Part II relates to the new student loans system and prevents universities charging top-up fees.

Clause 19, on the new incomecontingent loans, has been revised to overturn a Lords' amendment retaining Sir Ron Dearing's preferred system for student support - half maintenance grants, half loans.

The government amendment also overturned a Lords' amendment treating English and Welsh-domiciled students equally with Scottish-domiciled students over their eligibility to pay fourth-year tuition fees at a Scottish institution.

A separate government amendment to clause 19 introduces further safeguards for student borrowers by limiting the rates of interest charged on loan repayments to no more than the rate of inflation.
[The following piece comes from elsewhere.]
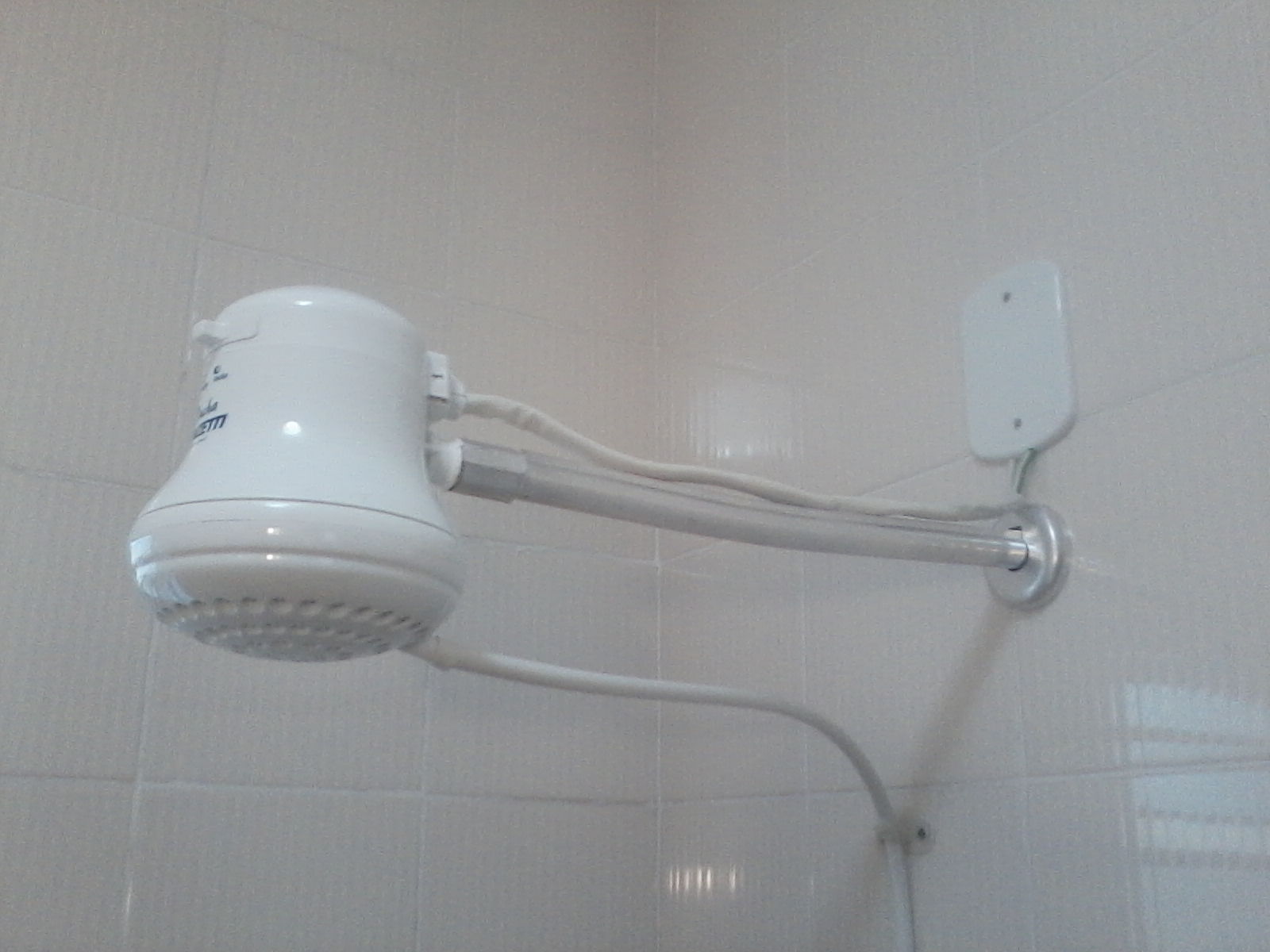 Chuveiro Elétrico em Carapicuíba: Instalação, Manutenção e Segurança com Eletricista chuveiro eletrico 1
Another amendment gives the secretary of state the power to prescribe repayment requirements for loans from time to time. This includes the power to vary repayment provisions or other provisions throughout the lifetime of a graduate's repayment period.

Clause 21, which gives the secretary of state the power to prevent universities charging more than the prescribed amount of tuition fees, was amended to clarify the government's position on fees charged by constituent colleges of a university such as Oxford or Cambridge.

The amendment says that the "parent" university is responsible for the fees charged to its students by the colleges but only if it receives a funding council grant for the students at those colleges. The government could then impose grant sanctions on the university if it allowed top-up fees.

The amendment ensures that if no grant is claimed then the government has no powers to prevent top-up fees.